# Rearranging encrypted drives causes data loss



## jjthomas (Aug 1, 2015)

A few months ago, I lost the ability to log into my encrypted drive.  It was as though my password quit working.  I recall that I had move some of the drives around.  When I could no longer decrypt my disk, I put, I believe, everything back in the same ports as they were when I initially installed FreeBSD.  I was never 100% sure if I got every drive in the correct (SATA) port.  Nor, was I able to determine if I had done something to cause me to lose my ability to decrypt the disk.  I did try some recovery, but I could not get my data back.  I had recent backups, so I install Linux.

Recently, I did another FreeBSD (10.1) installation (Automatic root-on-ZFS encryption).  I moved my drives around and, again, I lost the ability to decrypt my root partition.  Since I was preparing my computer for PC-BSD installation, with an hour old backup, I simply let it go.  PC-BSD did not work out for me, I'm back to FreeBSD.

I have another computer that runs FreeBSD with MythTV.  It has never had a problem.  I've run it both with, and without, root-on-ZFS encryption.  I dropped the encryption to simplify unattended rebooting.

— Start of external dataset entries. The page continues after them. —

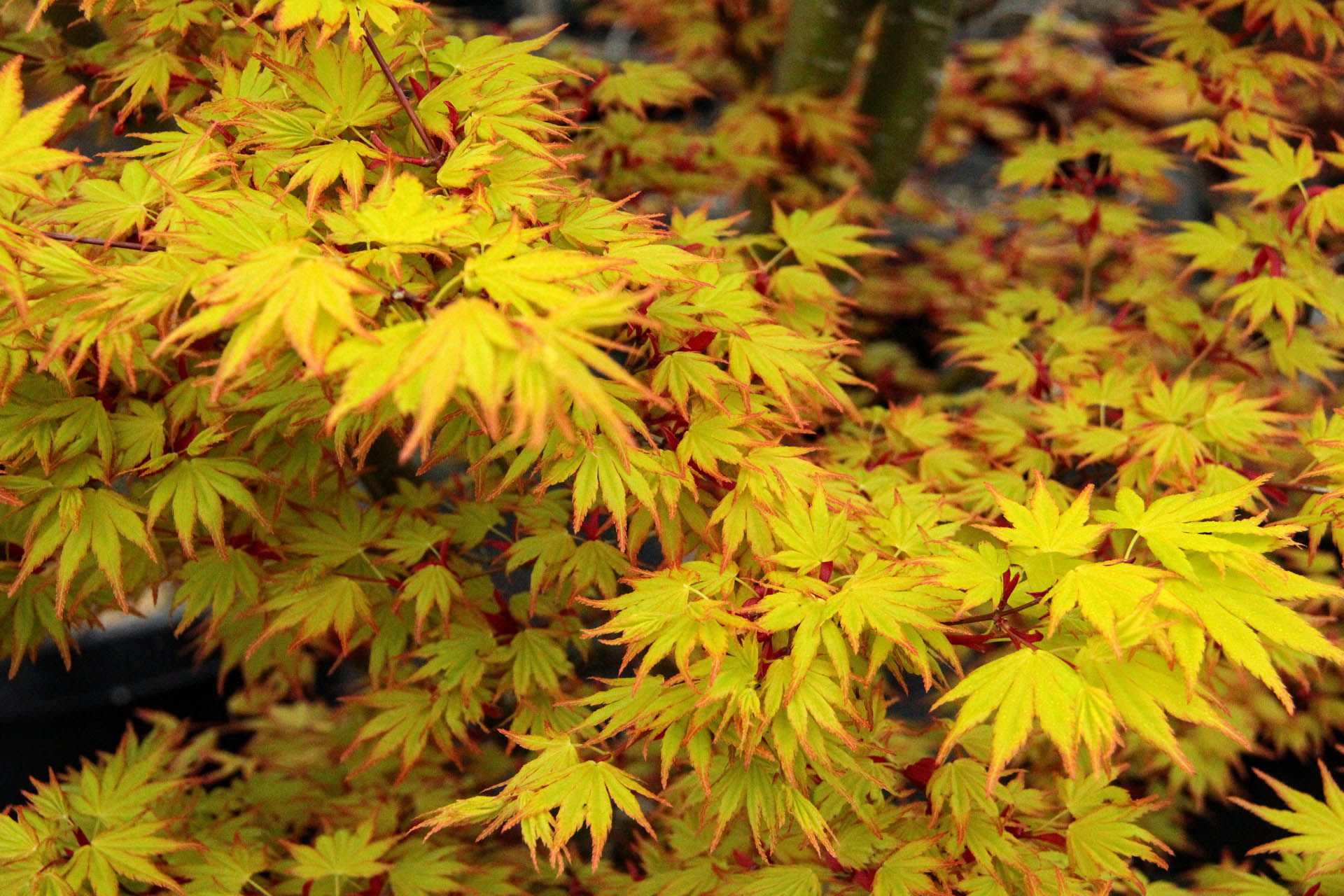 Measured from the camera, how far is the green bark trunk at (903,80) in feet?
9.18

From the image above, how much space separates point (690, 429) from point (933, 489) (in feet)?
2.26

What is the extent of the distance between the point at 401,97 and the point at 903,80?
2072mm

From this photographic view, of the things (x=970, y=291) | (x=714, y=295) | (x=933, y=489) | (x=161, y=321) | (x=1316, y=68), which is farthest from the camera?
(x=970, y=291)

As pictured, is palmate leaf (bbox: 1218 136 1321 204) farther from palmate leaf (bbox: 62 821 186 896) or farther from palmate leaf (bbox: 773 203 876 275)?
palmate leaf (bbox: 62 821 186 896)

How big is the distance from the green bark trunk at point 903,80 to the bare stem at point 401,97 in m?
1.96

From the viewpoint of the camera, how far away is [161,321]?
3.79 ft

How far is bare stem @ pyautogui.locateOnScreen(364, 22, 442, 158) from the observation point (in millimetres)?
1262

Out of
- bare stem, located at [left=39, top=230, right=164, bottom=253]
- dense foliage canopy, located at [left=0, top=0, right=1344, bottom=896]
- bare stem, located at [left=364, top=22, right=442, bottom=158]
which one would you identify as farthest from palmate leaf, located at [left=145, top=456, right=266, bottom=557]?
bare stem, located at [left=364, top=22, right=442, bottom=158]

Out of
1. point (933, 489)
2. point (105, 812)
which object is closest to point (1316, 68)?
point (933, 489)

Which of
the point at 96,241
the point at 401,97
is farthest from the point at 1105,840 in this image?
the point at 96,241

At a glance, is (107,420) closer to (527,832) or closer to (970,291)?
(527,832)

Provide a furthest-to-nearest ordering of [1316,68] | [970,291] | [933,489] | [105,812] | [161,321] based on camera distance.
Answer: [970,291] < [1316,68] < [933,489] < [105,812] < [161,321]

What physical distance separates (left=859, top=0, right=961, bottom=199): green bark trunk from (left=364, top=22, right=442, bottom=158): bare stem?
1963 mm

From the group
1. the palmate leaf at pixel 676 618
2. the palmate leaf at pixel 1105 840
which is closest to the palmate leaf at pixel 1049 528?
the palmate leaf at pixel 676 618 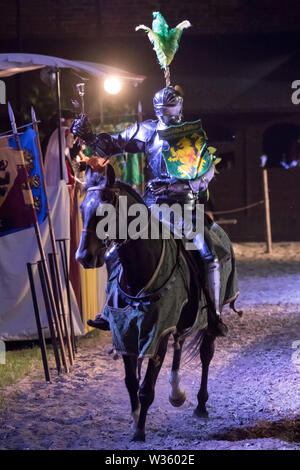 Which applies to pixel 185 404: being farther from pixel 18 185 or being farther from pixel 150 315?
pixel 18 185

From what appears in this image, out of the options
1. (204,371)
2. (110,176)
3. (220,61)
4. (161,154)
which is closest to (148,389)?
(204,371)

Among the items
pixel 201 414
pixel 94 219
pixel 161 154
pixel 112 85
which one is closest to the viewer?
pixel 94 219

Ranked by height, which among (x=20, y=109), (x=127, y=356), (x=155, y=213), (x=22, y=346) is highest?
(x=20, y=109)

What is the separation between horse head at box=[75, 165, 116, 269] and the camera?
4.51m

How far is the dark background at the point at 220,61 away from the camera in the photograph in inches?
643

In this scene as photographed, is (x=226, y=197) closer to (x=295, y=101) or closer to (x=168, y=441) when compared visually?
(x=295, y=101)

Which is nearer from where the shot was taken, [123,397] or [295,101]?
[123,397]

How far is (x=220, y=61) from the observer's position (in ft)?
54.2

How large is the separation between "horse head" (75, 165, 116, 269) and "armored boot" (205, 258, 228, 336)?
3.45 ft

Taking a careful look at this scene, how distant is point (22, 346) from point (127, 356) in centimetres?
348

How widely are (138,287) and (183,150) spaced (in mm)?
1165

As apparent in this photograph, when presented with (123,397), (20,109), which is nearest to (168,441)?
(123,397)

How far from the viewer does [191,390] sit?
6.39 meters

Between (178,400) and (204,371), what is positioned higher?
(204,371) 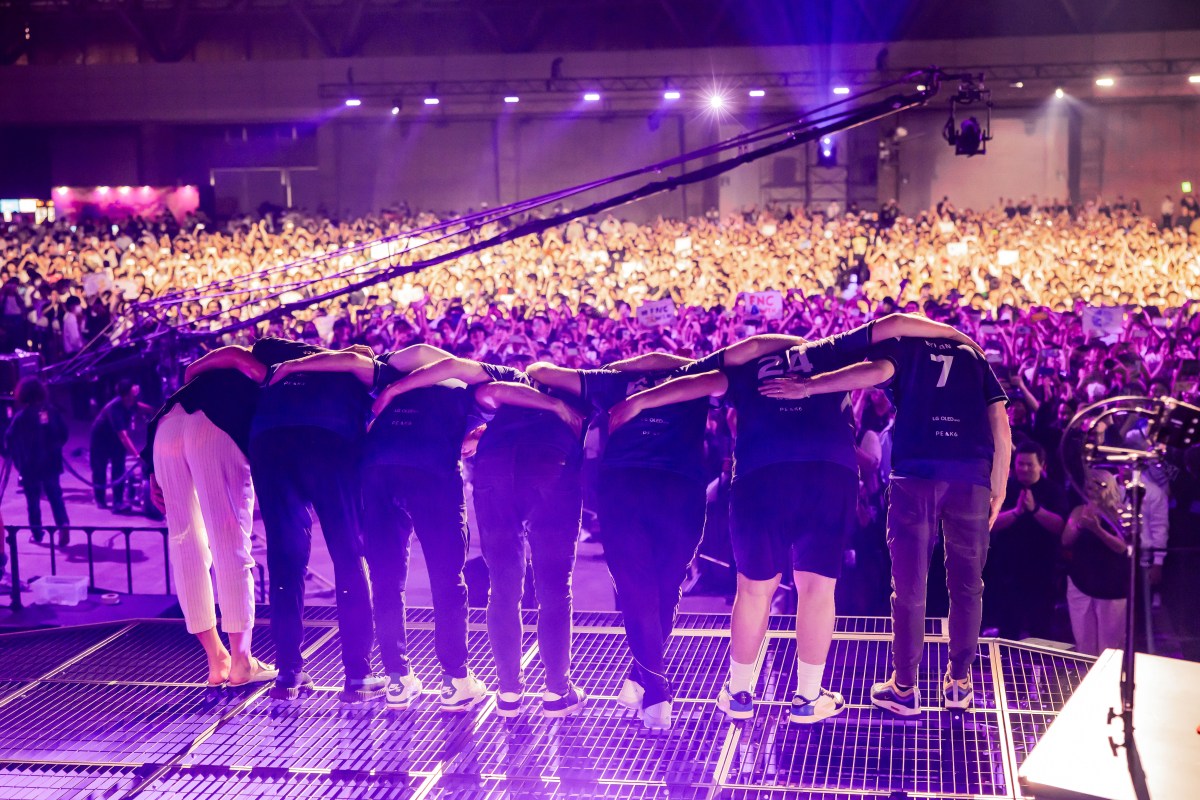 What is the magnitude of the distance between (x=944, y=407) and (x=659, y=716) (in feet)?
5.72

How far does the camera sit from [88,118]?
1346 inches

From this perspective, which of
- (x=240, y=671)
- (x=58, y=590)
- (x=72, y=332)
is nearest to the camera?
(x=240, y=671)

So my question is, why would moving a hard drive to a different port keep it from decrypting?  Is there a file I should be backing up?  I know when I do whole drive encryption under Slackaware, when I move my drives around, I need to run `mkinitrd` so the system can find the new root location.  Is there something similar in FreeBSD?

Thank you.

-JJ


----------



## SirDice (Aug 1, 2015)

ZFS doesn't care in what order the drives are, it'll find the correct ones regardless. Geli however is a different matter and depending on how you encrypted the drives it's possible you're trying to decrypt drive 1 with the key for drive 2 for example. Have you used the same key for all drives or does each drive have its own key?


----------



## jjthomas (Aug 1, 2015)

I only had the root drive encrypted.


----------